Anulação das condenações de Lula – O habeas corpus analisado pela Segunda Turma foi impetrado pelos advogados do petista e sua análise estava suspensa desde 2018, quando Gilmar havia pedido vista.
A Segunda Turma retomou a análise do recurso de Lula que pede que o ex-magistrado seja declarado suspeito um dia após o ministro Edson Fachin ter decidido, de forma individual, que Moro não era o juiz competente para analisar as denúncias contra o petista.
Fachin anulou as condenações contra o ex-presidente, que recuperou seus direitos políticos, e determinou o encaminhamento de seus processos para a Justiça Federal do Distrito Federal.
A suspeição atesta a parcialidade do juiz para analisar um caso, enquanto a incompetência conclui que o foro para o julgamento não era o adequado.
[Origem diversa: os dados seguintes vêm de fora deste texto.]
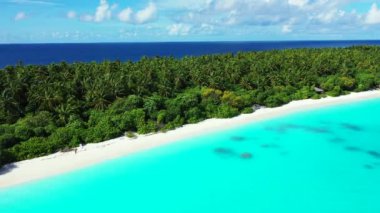 Yeşil Ada 'nın havadan görünüşü. Bali 'ye egzotik yolculuk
A decisão de Fachin, defensor da Lava Jato, despertou controvérsia no meio político e jurídico porque poderia ter como consequência o não julgamento das ações que pedem a decretação da suspeição de Moro.
Se isso ocorresse, a atuação do ex-juiz e da Lava Jato seria preservada, apesar de vazamento de diálogos de Moro com os procuradores da força-tarefa terem levantado suspeitas de conluio na condução de inquéritos e ações penais contra diversos réus.
Fachin argumentou que sua decisão afastaria a necessidade de julgamento da suspeição de Moro, mas Gilmar discordou e decidiu colocar o processo em pauta na 2ª Turma. Fachin ainda tentou levar a análise do caso para o plenário do Supremo, mas foi derrotado por quatro votos a um.